[Caption-style text data]
********

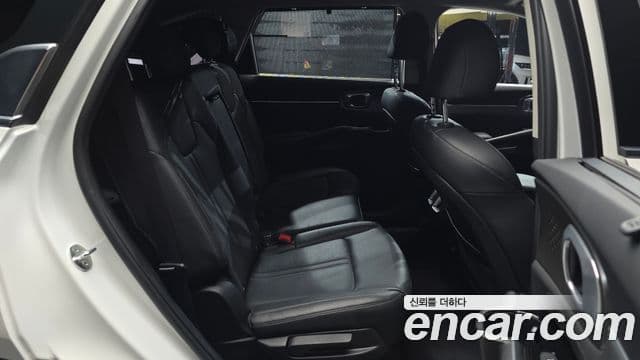 Kia Sorento 2021 — Şəkil 12/20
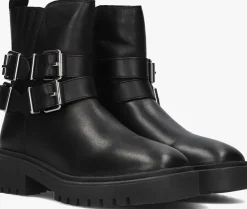 zwarte omoda boots milar-15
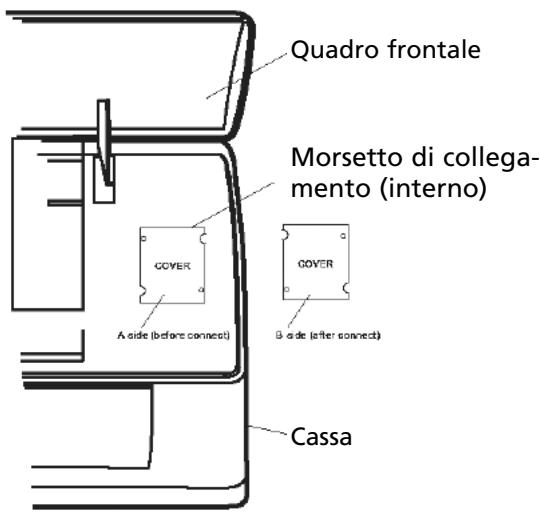ZIBRO S125 - Colloczione dell'unità esterna - 1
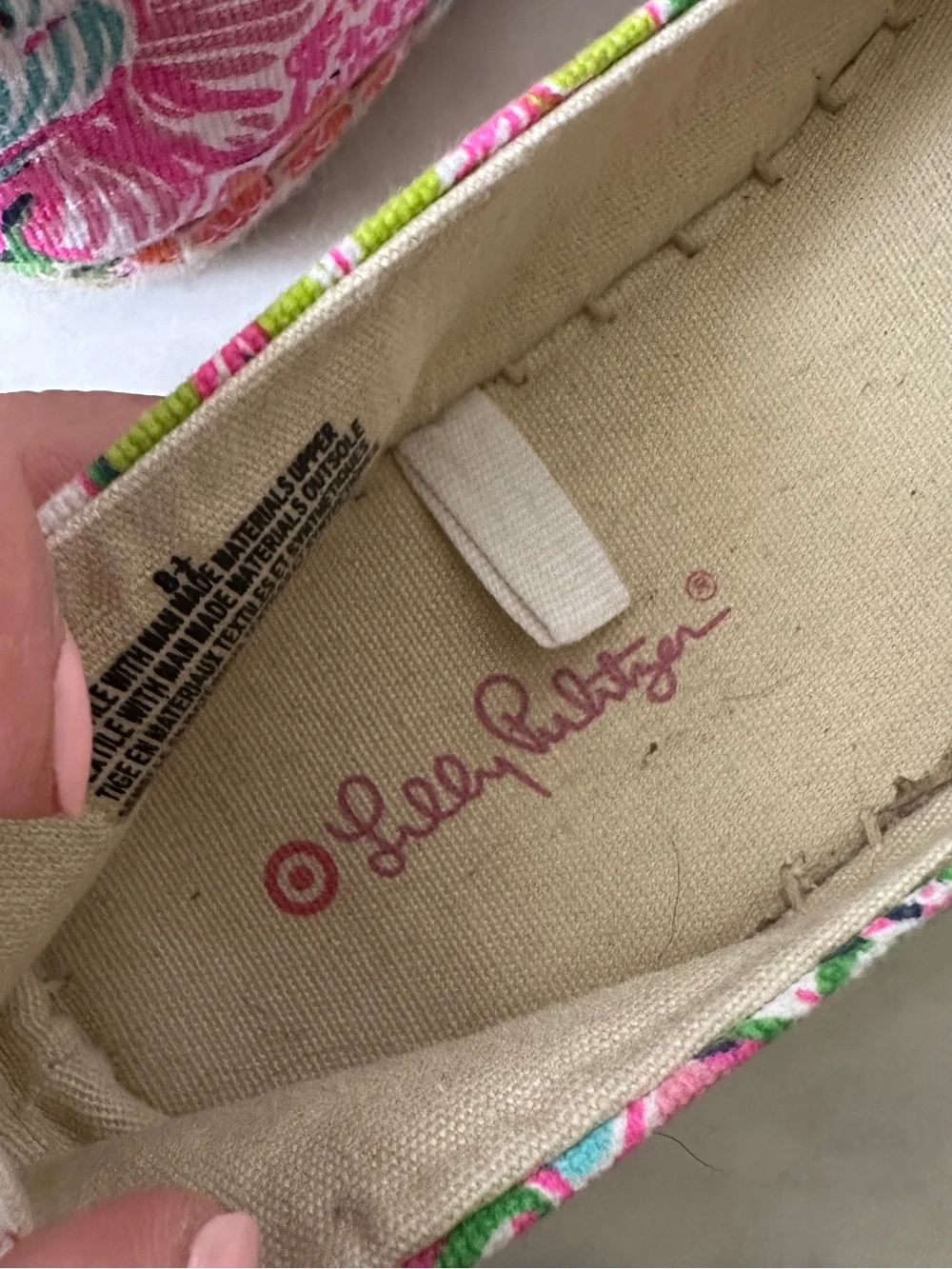 Lilly Pulitzer lilly pulitzer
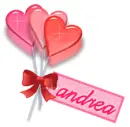 andrea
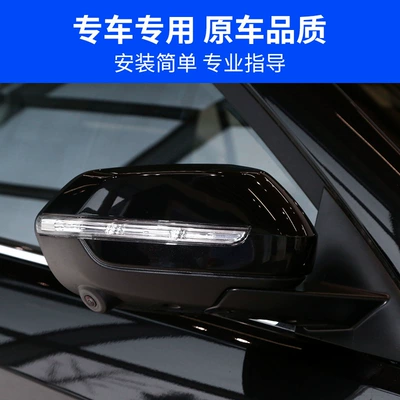 Reversing Mirror Housing Jiangling: Rear mirror/rearview mirror assembly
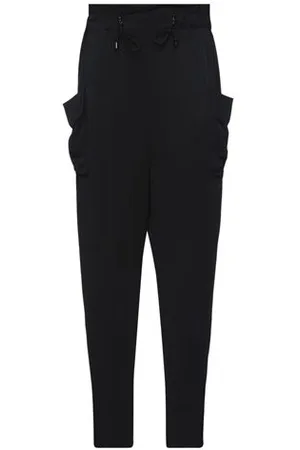 Emporio Armani PARTES DE ABAJO - Pantalones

********

**BRIEF:**
If the data includes images, skip them and copy every line exactly.

**EXPECTED ANSWER:**
 Kia Sorento 2021 — Şəkil 12/20
 zwarte omoda boots milar-15
ZIBRO S125 - Colloczione dell'unità esterna - 1
 Lilly Pulitzer lilly pulitzer
 andrea
 Reversing Mirror Housing Jiangling: Rear mirror/rearview mirror assembly
 Emporio Armani PARTES DE ABAJO - Pantalones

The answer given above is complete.